INFORMATION SUPPLIED:
──────

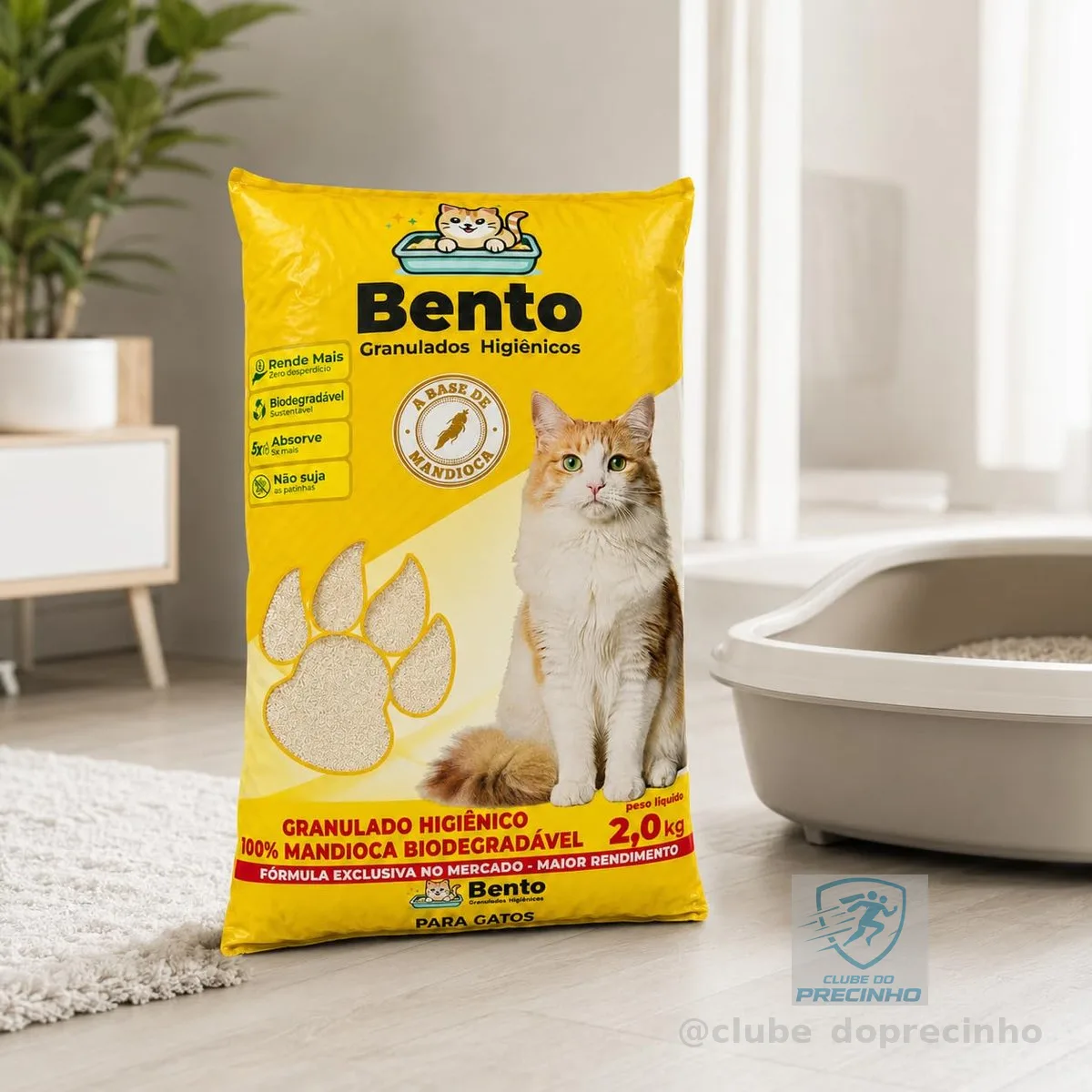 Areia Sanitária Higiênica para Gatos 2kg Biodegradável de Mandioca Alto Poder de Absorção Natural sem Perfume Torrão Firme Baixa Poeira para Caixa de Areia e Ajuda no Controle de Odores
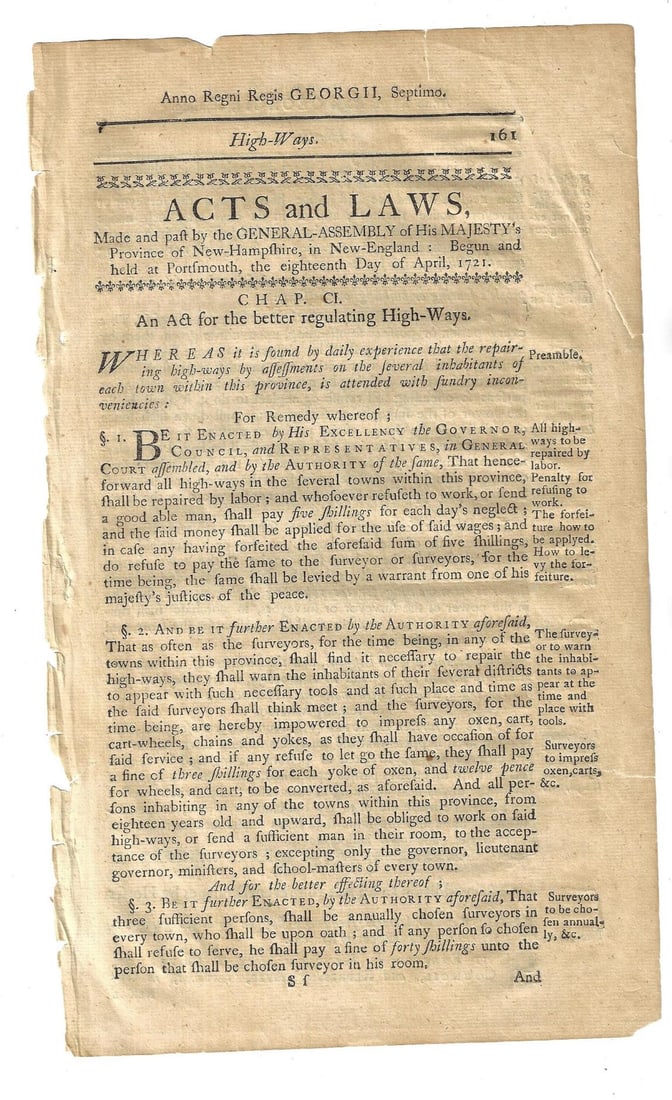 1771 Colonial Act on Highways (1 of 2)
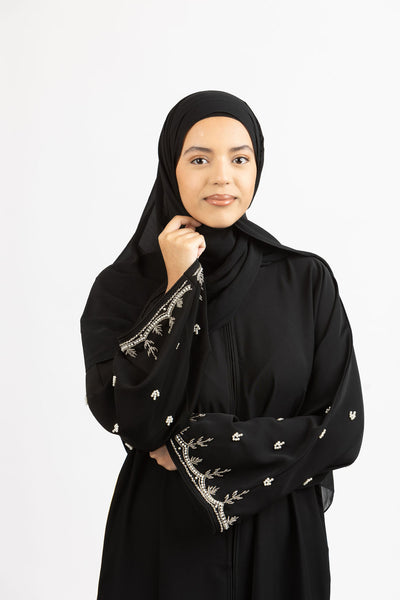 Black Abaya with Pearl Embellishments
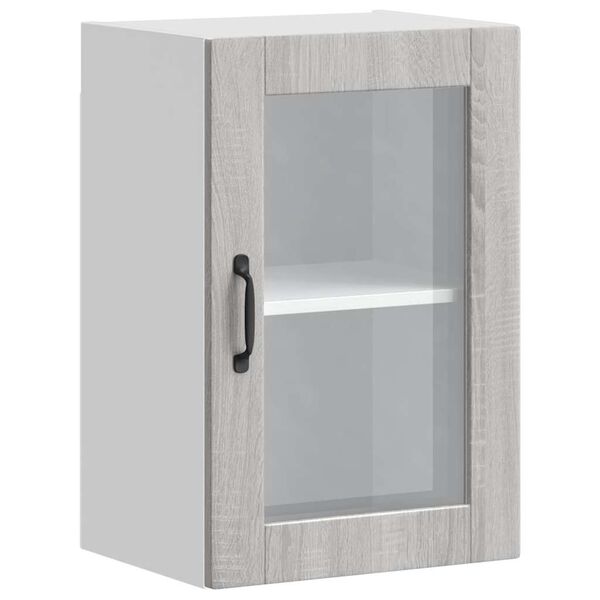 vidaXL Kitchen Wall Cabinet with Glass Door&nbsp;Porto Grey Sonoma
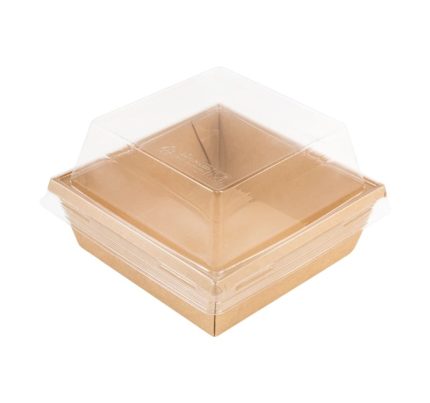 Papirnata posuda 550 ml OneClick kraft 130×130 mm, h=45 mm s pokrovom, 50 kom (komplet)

──────

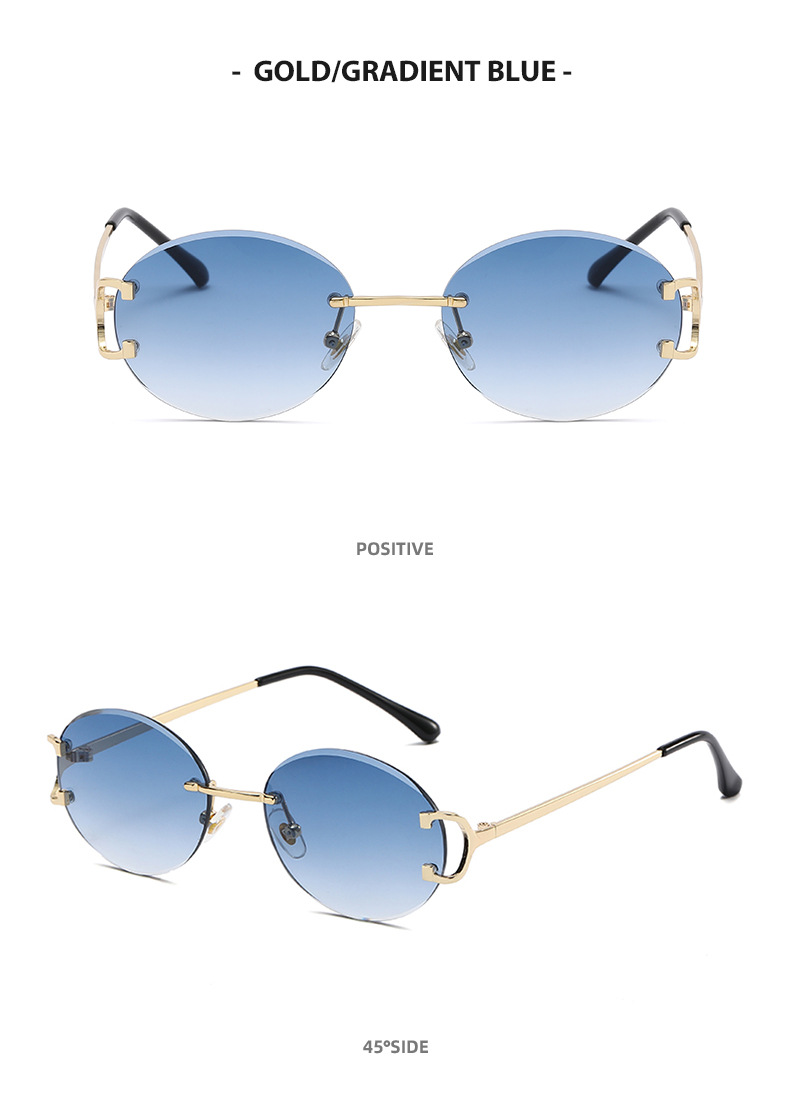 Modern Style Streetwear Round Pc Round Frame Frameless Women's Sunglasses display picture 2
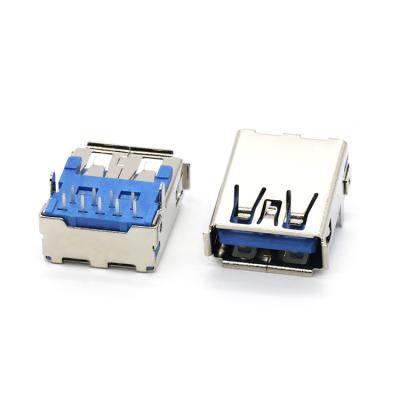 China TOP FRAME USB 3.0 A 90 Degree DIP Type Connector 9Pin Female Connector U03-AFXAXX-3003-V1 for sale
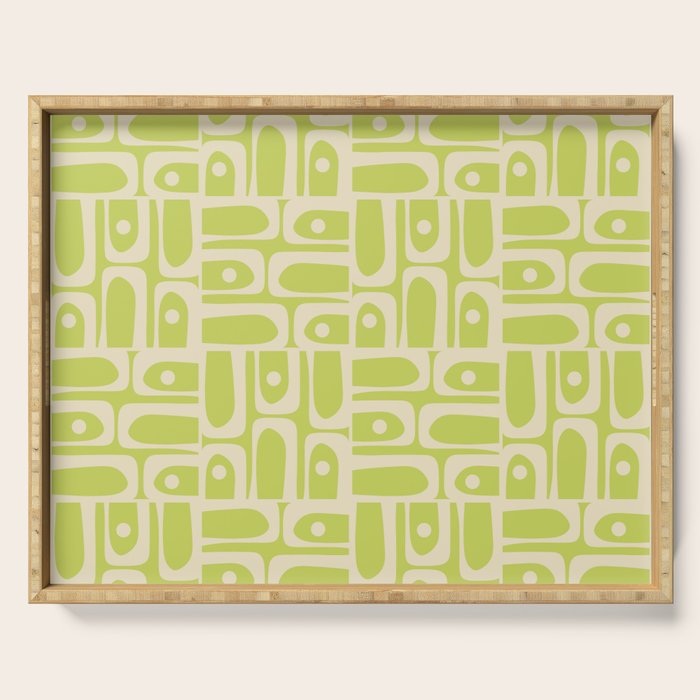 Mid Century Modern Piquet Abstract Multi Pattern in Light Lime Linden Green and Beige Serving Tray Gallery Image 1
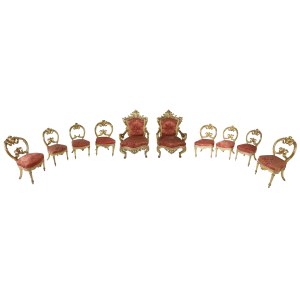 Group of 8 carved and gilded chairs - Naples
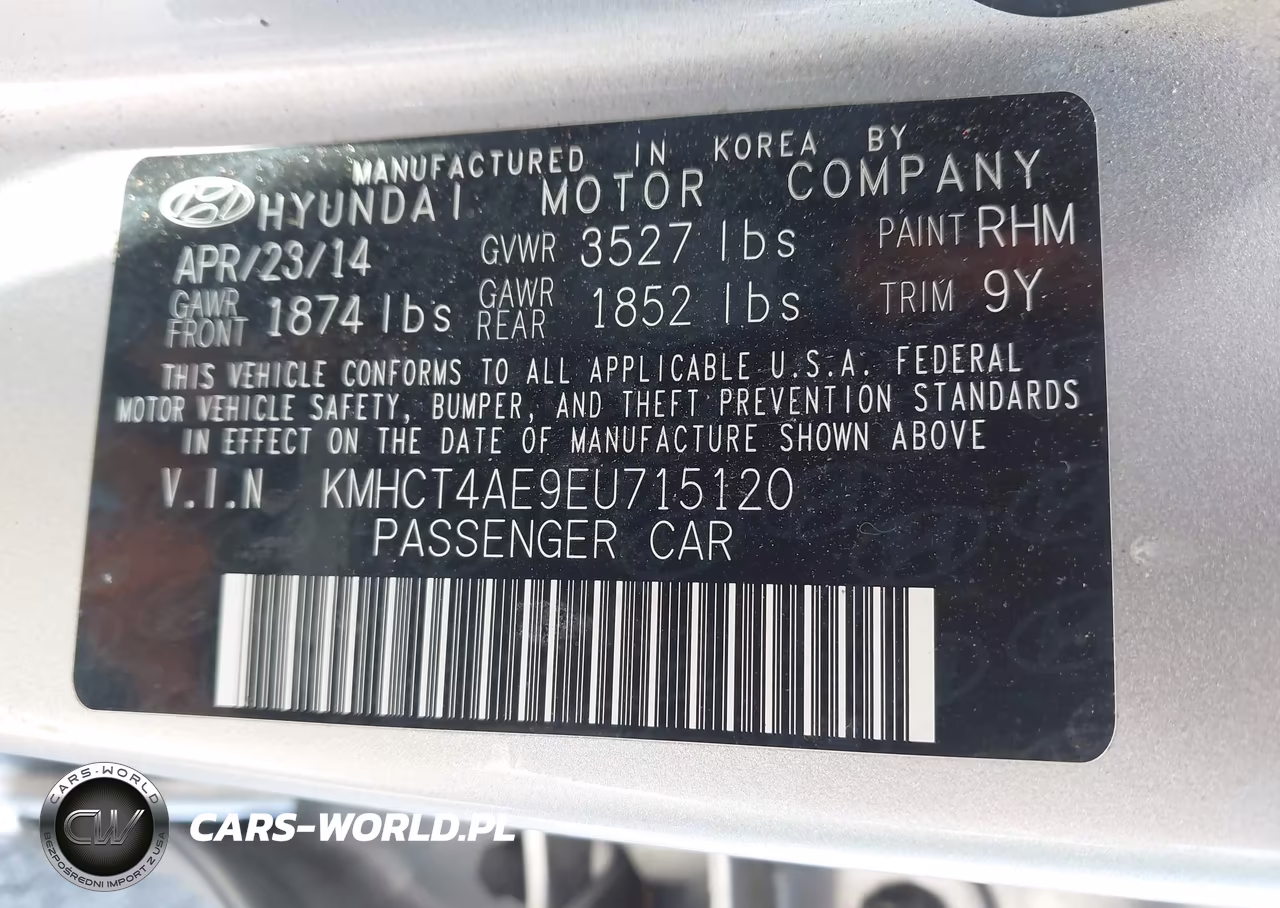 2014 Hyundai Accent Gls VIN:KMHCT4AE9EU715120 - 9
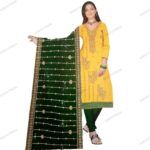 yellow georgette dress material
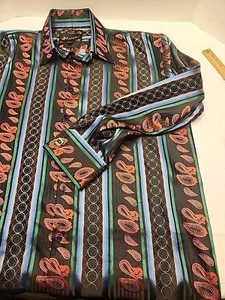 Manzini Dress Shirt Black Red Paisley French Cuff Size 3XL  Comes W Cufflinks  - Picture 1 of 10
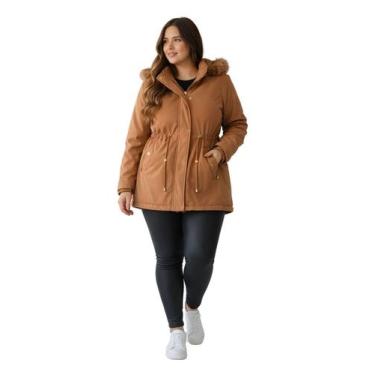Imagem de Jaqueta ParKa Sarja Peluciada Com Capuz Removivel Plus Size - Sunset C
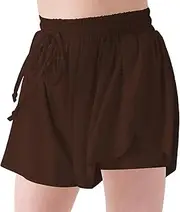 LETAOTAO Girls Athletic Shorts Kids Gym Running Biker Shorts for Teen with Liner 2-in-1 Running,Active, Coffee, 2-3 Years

──────

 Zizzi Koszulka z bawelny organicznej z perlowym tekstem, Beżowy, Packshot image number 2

──────

WORK REQUEST: Among the entries above, locate the line with "vidaXL Kitchen Wall" and the line with "Papirnata posuda 550". Give those two lines and all lines between them again, exactly, leaving out the pictures.

SOLUTION BELOW:
 vidaXL Kitchen Wall Cabinet with Glass Door&nbsp;Porto Grey Sonoma
 Papirnata posuda 550 ml OneClick kraft 130×130 mm, h=45 mm s pokrovom, 50 kom (komplet)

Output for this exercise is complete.